You have explained what the change does. But not why it is
needed. What exactly is happening. To me, the key thing is
understanding why we get -110, and why it is not an actual error we
should be reporting as an error. That is what needs explaining.

And once that is understood, i think we might be looking at a
different solution.

Andrew

2020-06-17 20:28:09

by Russell King (Oracle)

[permalink] [raw]
Subject: Re: [PATCH net v1] net: phy: smsc: fix printing too many logs

On Wed, Jun 17, 2020 at 08:43:34PM +0200, Andrew Lunn wrote:
> You have explained what the change does. But not why it is
> needed. What exactly is happening. To me, the key thing is
> understanding why we get -110, and why it is not an actual error we
> should be reporting as an error. That is what needs explaining.

The patch author really ought to be explaining this... but let me
have a go. It's worth pointing out that the comments in the file
aren't good English either, so don't really describe what is going
on.

When this PHY is in EDPD mode, it doesn't always detect a connected
cable.
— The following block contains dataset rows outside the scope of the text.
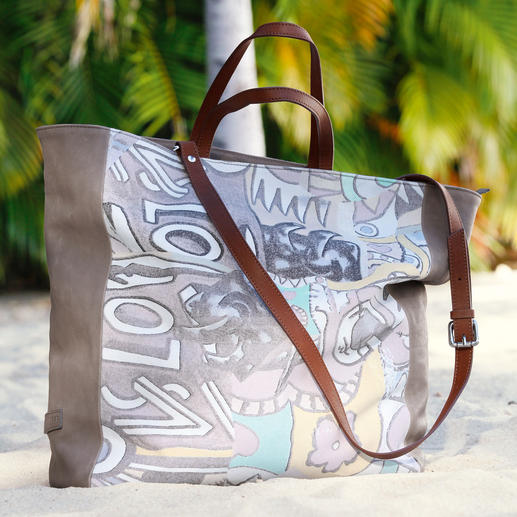 Strenesse Blue Magic-Bag Wichtig: Prints. Richtig: Shopper-Form. Magic: Wechselnde Farben.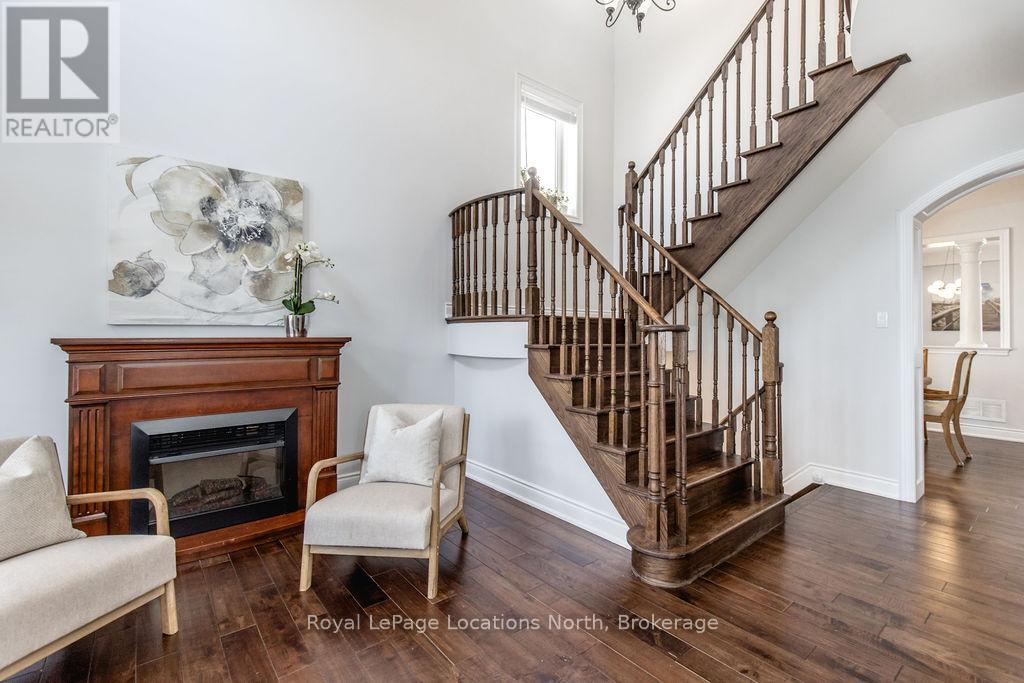 11 Christy Drive, Wasaga Beach, Ontario  L9Z 1S7 - Photo 5 - S13040118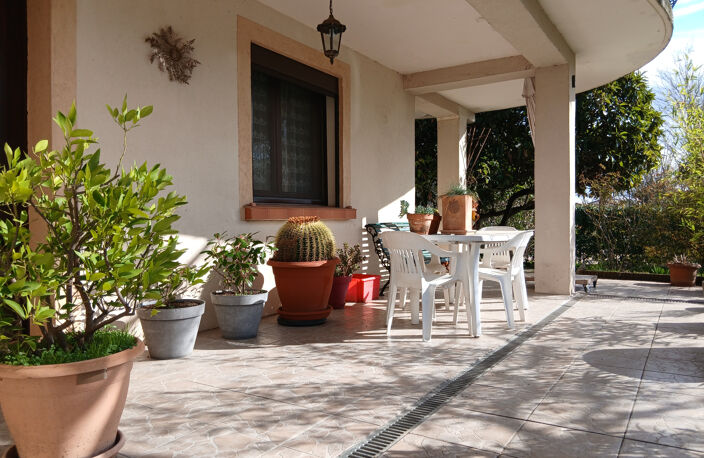 VENTE - MAISON - 170 m2 hab - 7 PIECES - ALES — photo 5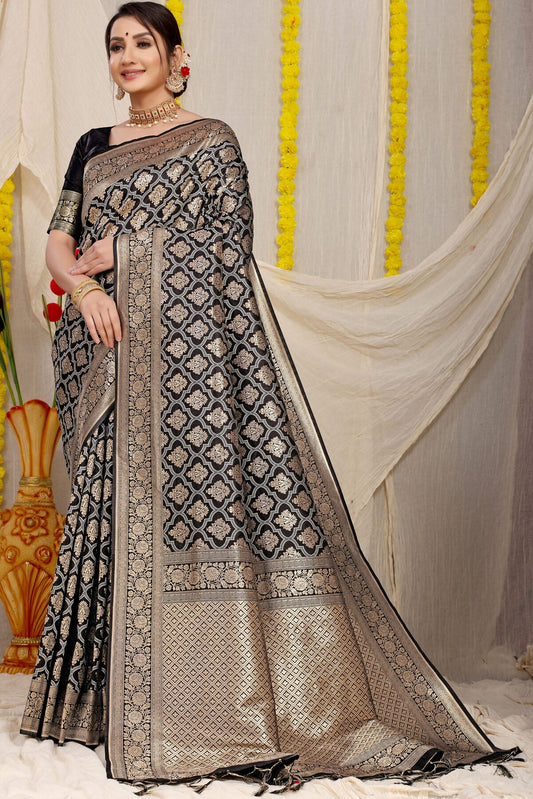 Pleasant Black Kanjivaram Silk With Tempting Blouse Piece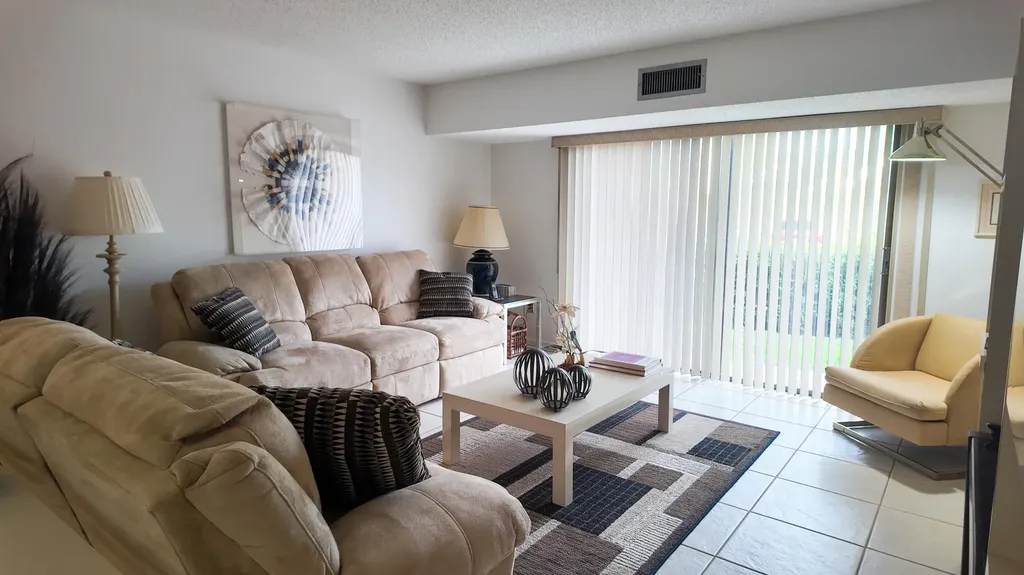 4661 Fountains Drive S Lake Worth FL 33467
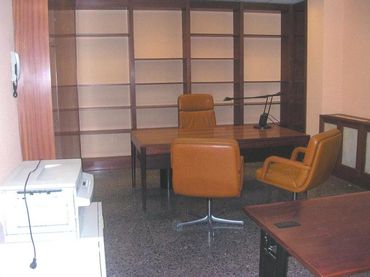 Oficina amb ascensor en venda a Centro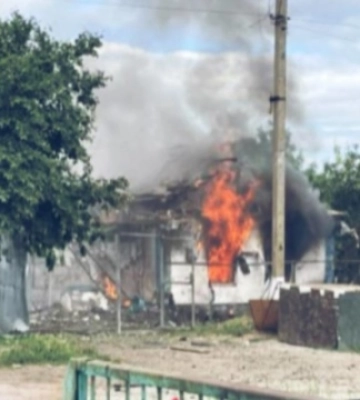 Частина будинку зруйнована: ворог вгатив по Запорізькому району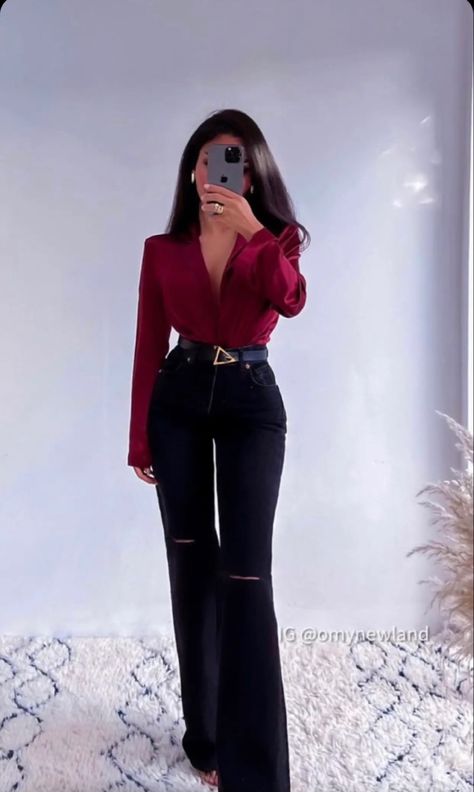 Red Satin Shirt Outfit Classy, Red And Black Outfits For Women Classy Business Casual, Red Dress Shirt Outfit, Red Satin Blouse Outfit, Red Silk Shirt Outfit, Satin Shirt Outfits, Red Satin Top Outfit, Red Satin Shirt Outfit, Red Satin Shirt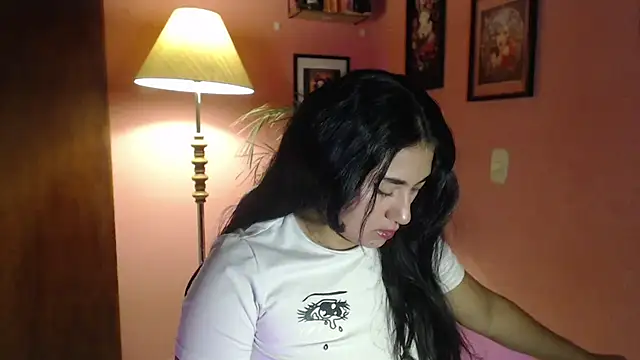 bunnyemilyrose36 online show from 25, 6, 2026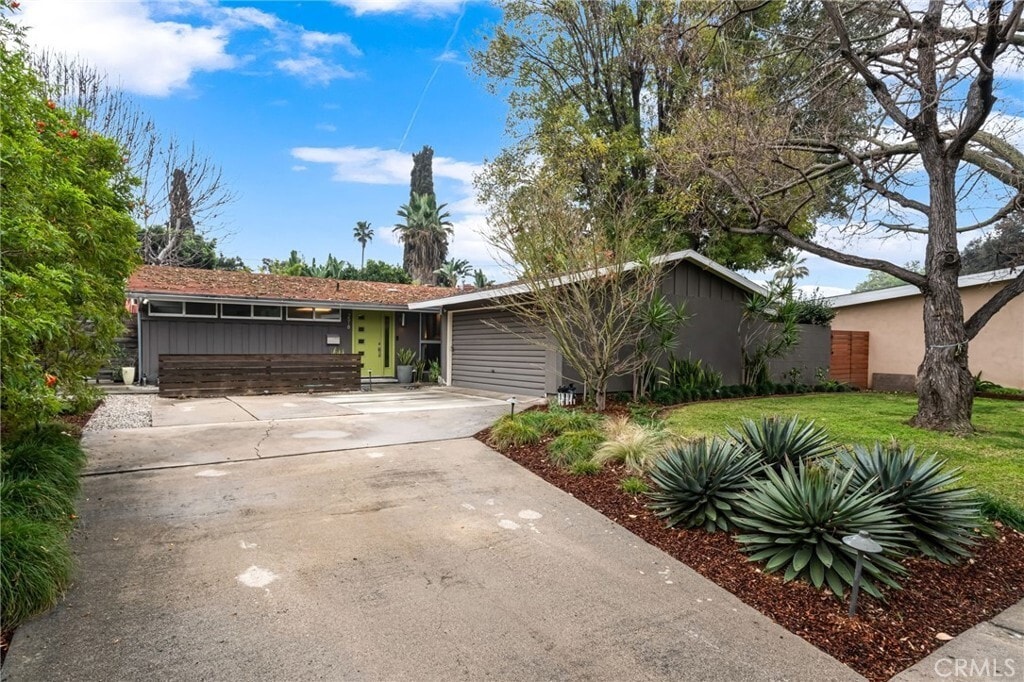 Building Photo - 2518 Pearson Ave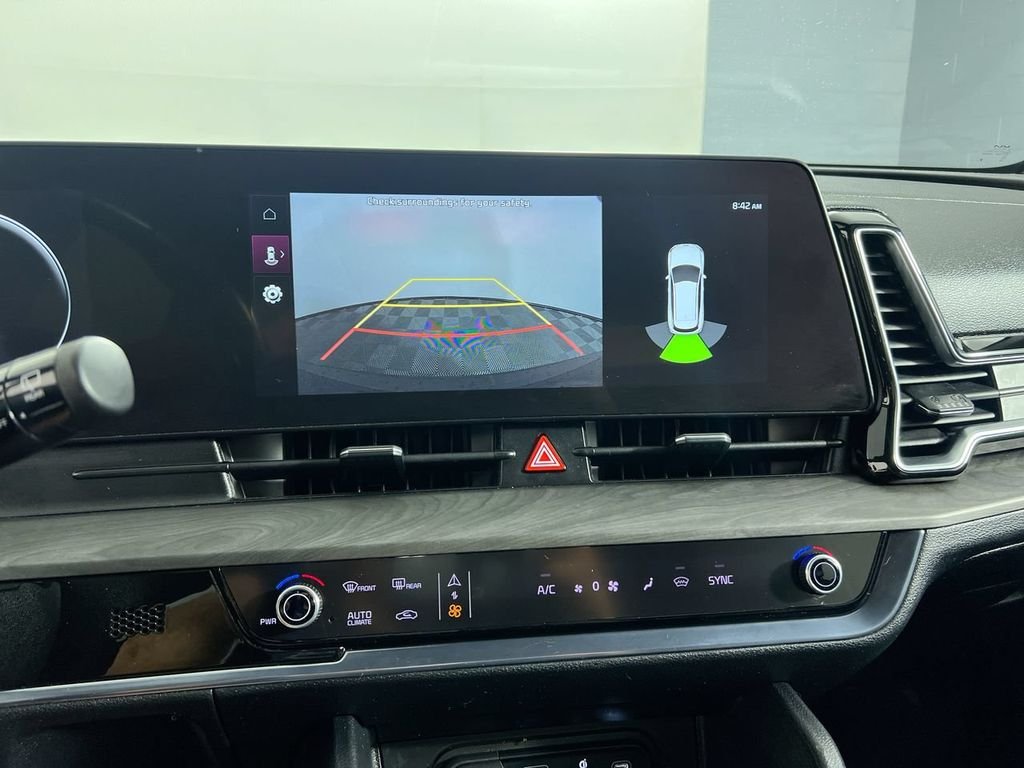 Used 2023 White Kia X-Pro Prestige image 28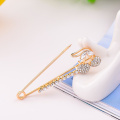 High-grade Pearl Crystal Brooch Pin Scarf Sweater Cardigan Anti Slip Pin Valentine Gift Clothing Accessories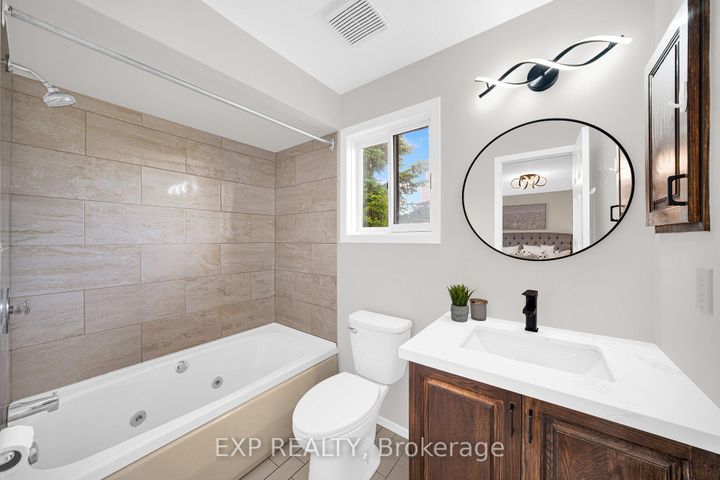 Photo 22 at 172 Centrepointe Drive, Nepean (Centrepointe), Ottawa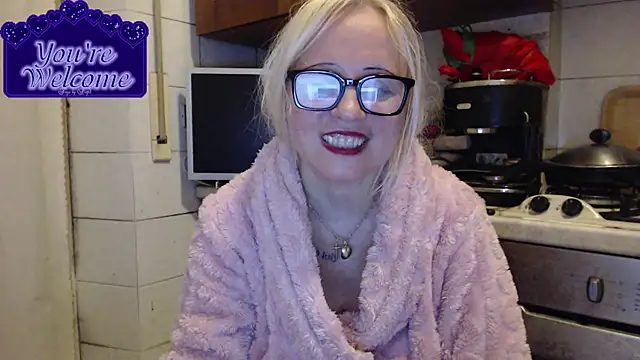 martachatte online show from February 19, 9:11 pm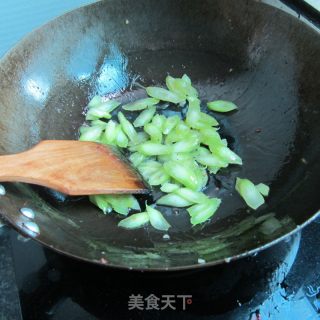 Lettuce Barbecued Pork recipe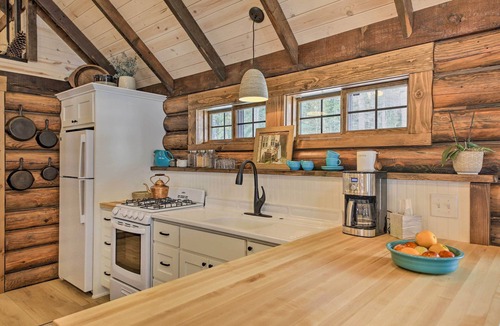 Bonners Ferry Cabin | Serene Kootenai Cabin - 3 Mi to Dtwn & River!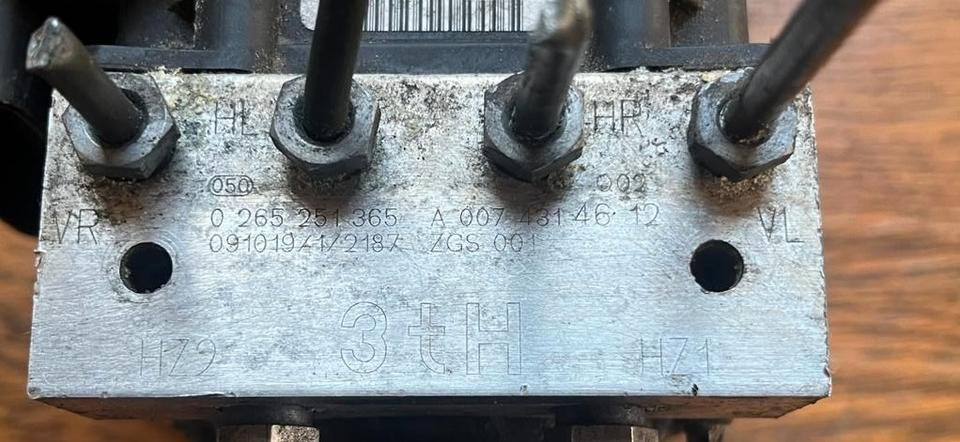 Mercedes Sprinter Hydraulikblock ABS Pumpe A0074314612 - Хидраулика за Камион: слика 2 Mercedes Sprinter Hydraulikblock ABS Pumpe A0074314612 - Хидраулика за Камион: слика 2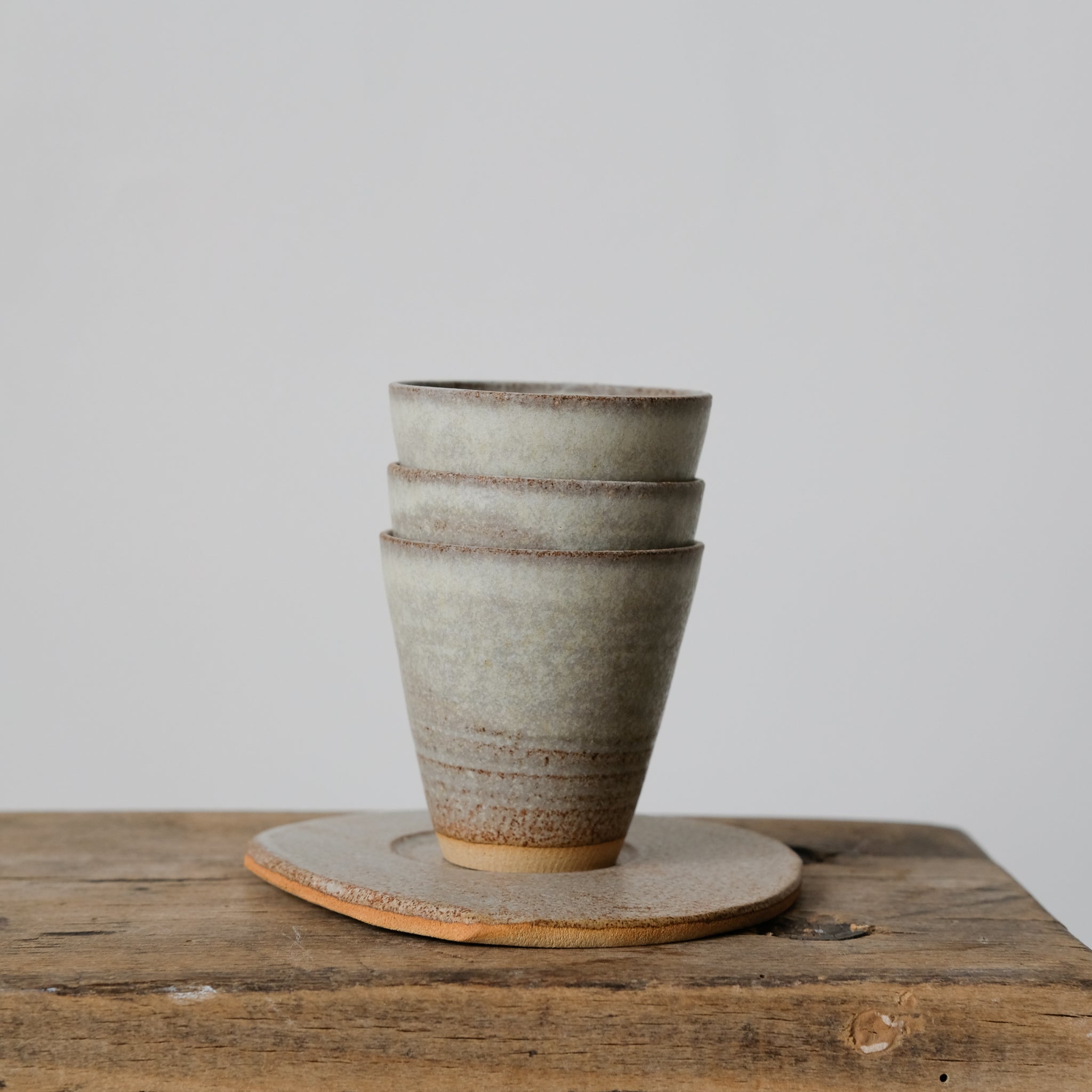 Set soucoupe et tasse roux-beige de Louise Noart par Brutal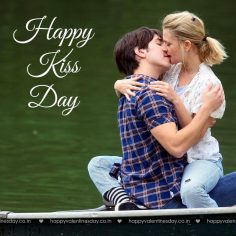 Kiss Day – free mothers day cards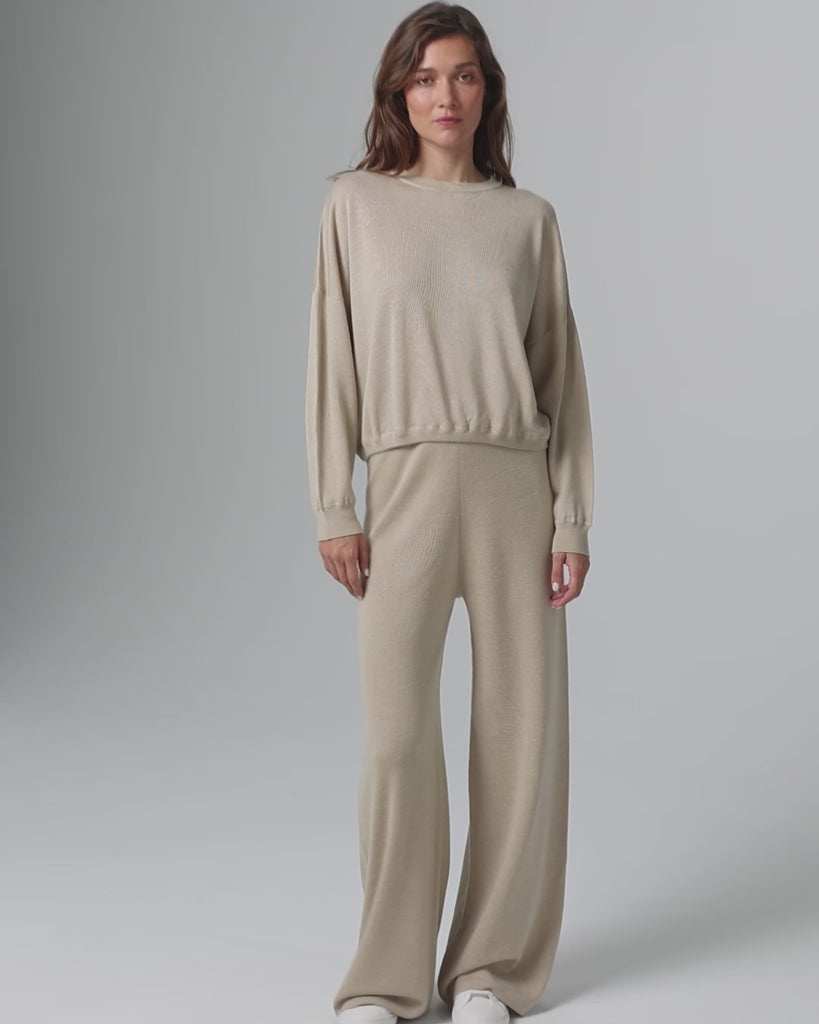 360-degree video of model wearing Nilo Knitted Hemp Pull-on Pants (beige), showing drape and movement.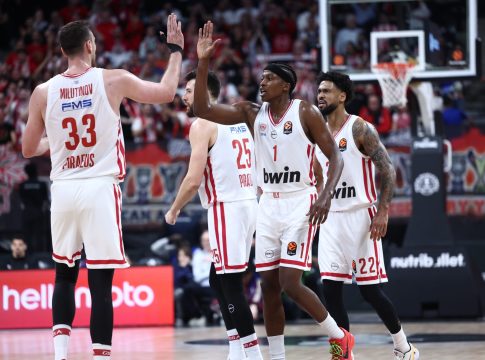 Παρί – Ολυμπιακός 87-104: Πάρτι γενεθλίων στο Παρίσι- Έκρυψαν τη μπάλα οι Ερυθρόλευκοι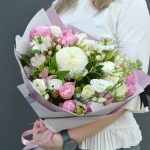 Цветы и букеты с доставкой по Москве: Все преимущества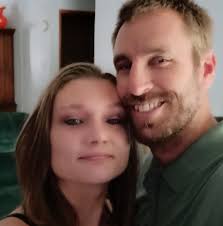 Tbt to when I first started drawing in highschool one of the first things I  did. #paperartist #pencilwork #pencilsketch #artist #heart #Cross #rose  #design #artistsoninstagram #pencil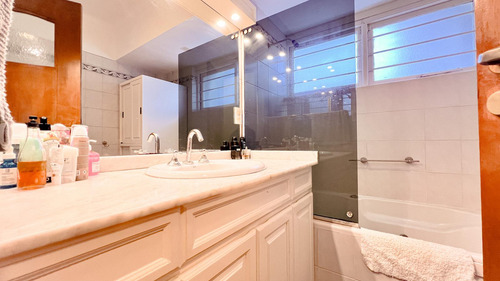 Venta | Permuta | Chalet De Piedra | Sobre 2 Lotes | Los Troncos |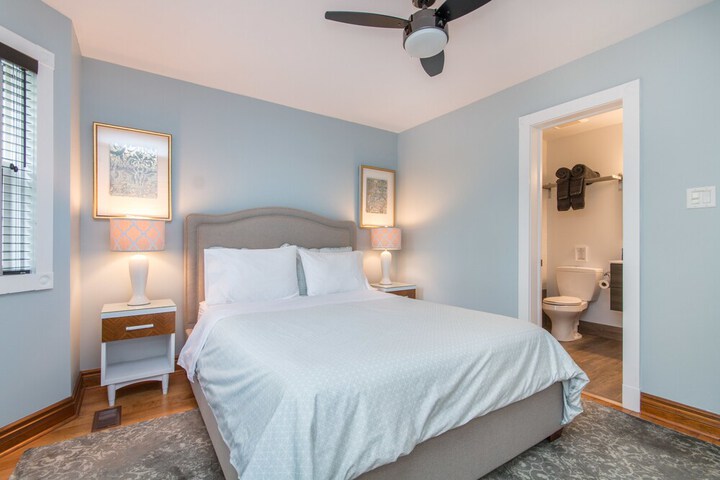 Craigleith Manor Bed & Breakfast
The workaround for it involves, when the link is down, and
at each read_status() call:

- disable EDPD mode, forcing the PHY out of low-power mode
- waiting 640ms to see if we have any energy detected from the media
- re-enable entry to EDPD mode

This is presumably enough to allow the PHY to notice that a cable is
connected, and resume normal operations to negotiate with the partner.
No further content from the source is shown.